Exercise:
Everything in the listing should be copied exactly, save for the pictures.

Data excerpt:
************

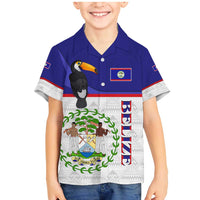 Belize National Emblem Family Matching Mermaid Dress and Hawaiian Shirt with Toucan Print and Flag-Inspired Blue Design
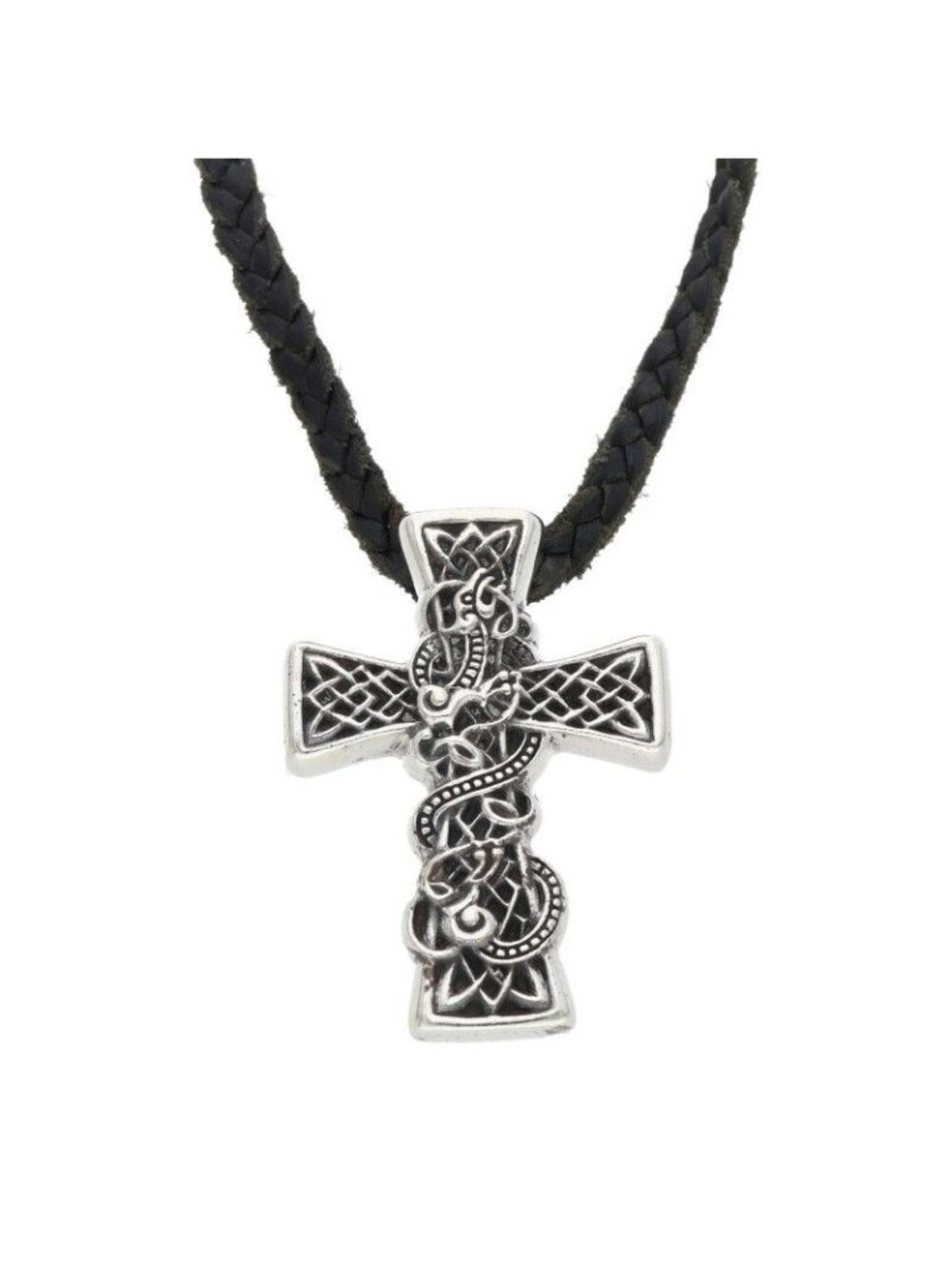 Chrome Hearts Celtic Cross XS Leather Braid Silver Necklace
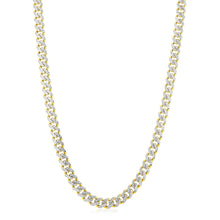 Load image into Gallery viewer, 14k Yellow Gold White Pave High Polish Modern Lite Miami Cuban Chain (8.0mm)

************

Written reply:
 Belize National Emblem Family Matching Mermaid Dress and Hawaiian Shirt with Toucan Print and Flag-Inspired Blue Design
 Chrome Hearts Celtic Cross XS Leather Braid Silver Necklace
 Load image into Gallery viewer, 14k Yellow Gold White Pave High Polish Modern Lite Miami Cuban Chain (8.0mm)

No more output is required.